Although the results resonate with most existing work in terms of excessive usage of phones, reduction in sleep and increasing levels of inactivity, we found some positive impacts too. For instance, as mentioned, many students used their smartphones for sharing educational materials, watching video lectures/tutorials, and using productivity apps. Even though this may have seemed unacceptable, the last few months have seen even greater usage of smartphones. The pandemic has forced education to go online making humans even more dependent on phones, laptops, and other gadgets. To conclude, using technology for longer time periods now has become inevitable.

8.2 Sleep Quality Impact

Looking at the sleep duration results, we felt that students lacked the appropriate amount of sleep. To gauge the students’ feelings about whether the reduced sleep routine impacted them, we asked them to rate the quality of their sleep on a scale of 1 to 5. with 1 being Very bad, 2—Fairly bad, 3—Fairly good, 4—Very good, and 5—Sound sleep. Figure 15 illustrates the distribution of sleep quality responses from students.

Fig. 15
figure 15

A majority of them reported to have fairly good and very good sleep even though their average sleep hours were 5.5 h

The students reported that, for almost 37 days of the study, they had good sleep. Only for seven to eight days (16% ), some reported difficulty in sleeping. Our future work aims to analyze the subset of those who reported sleeping difficulties. To conclude, we can say that students managed to remain fresh without feeling fatigued with a sound sleep of five hours.

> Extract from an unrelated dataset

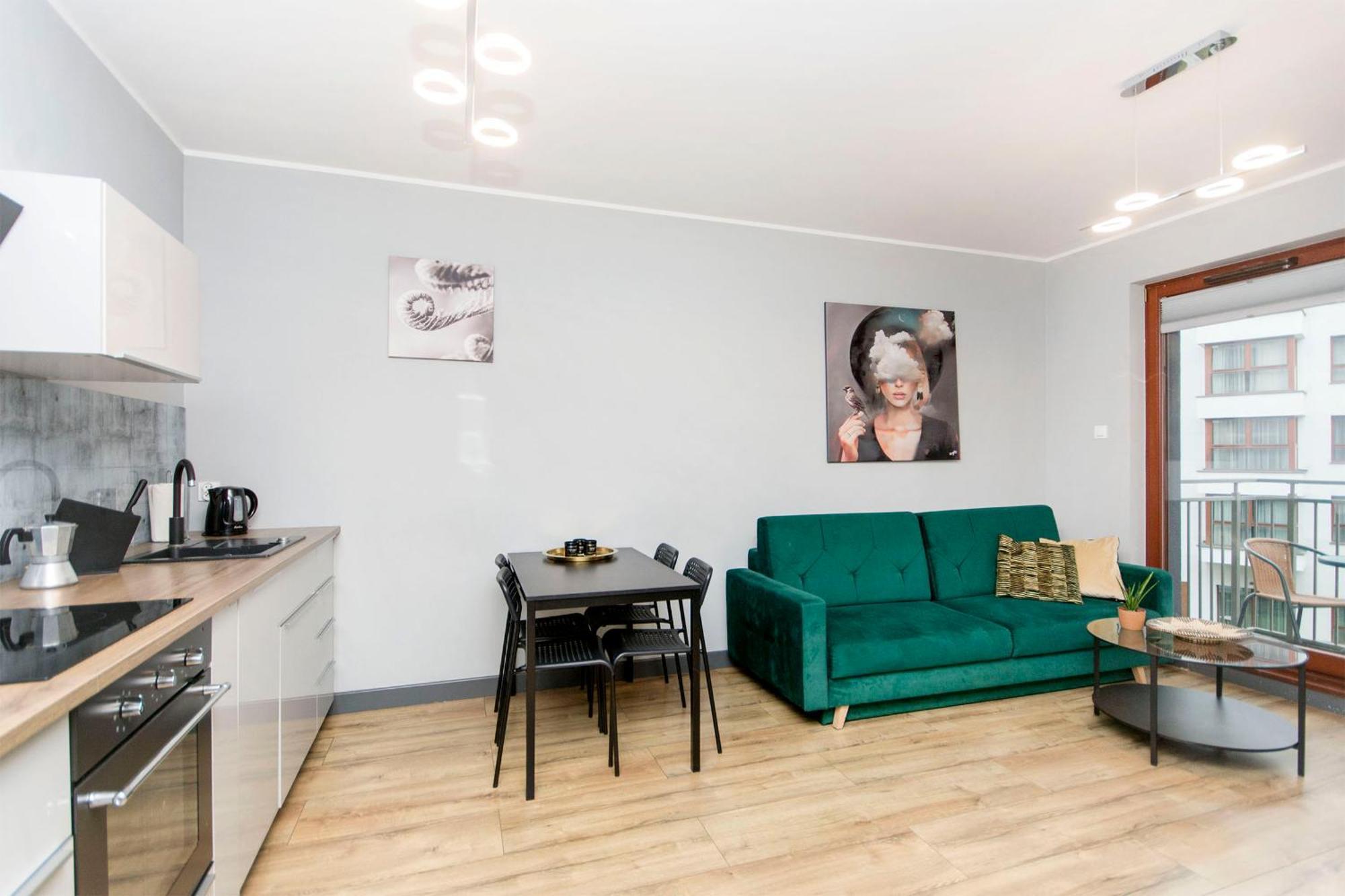 City Center Apartments Spa & Wellness Γκντανσκ Εξωτερικό φωτογραφία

Overall, our study has highlighted how smartphone has impacted student behavior. This is a first of its kind study attempted on Indian students and some comparisons that can be drawn from the existing work is that students irrespective of the geographical location, spend major chunk of their time on smartphones. The activity and sleep duration also seem to be on the same lines. Other factors such as sociability and mobility were different. This could be due to the social background, personality types, and so on. On the bright side, education technology backed by companies like Google, Microsoft, Zoom, and others is banking on smartphones by developing apps such as Google meet, Teams, and Zoom.

9 Conclusions

Due to the digital era’s tremendous growth, we witness how technology is becoming a dominant factor in our daily lives. Smartphone-based passive sensing has become an emerging technique to understand human life and behavior. This study presented a novel method, namely digital phenotype, to monitor and assess college students’ health-related behaviors. The method attempted on a student cohort for the first time in India proved the viability of using smartphones and their embedded sensors as platforms for collecting, analyzing, and inferring behavior. This study provided trends on the physical activity, sleep, sociability, and mobility patterns of students while carrying out daily routines on campus during an academic term.

The activity levels indicate that students may be preferring a sedentary lifestyle; possible factors contributing to this behavior could be prolonged usage of smartphones, social media, gaming, and reduced sleep hours. Social interaction on the campus was healthy with no sign of deterioration even with increased use of mobile phones. Our future work, among many, plans to take up the mental health issue that is plaguing the student community and understand how smartphone technology can be used as an intervention platform.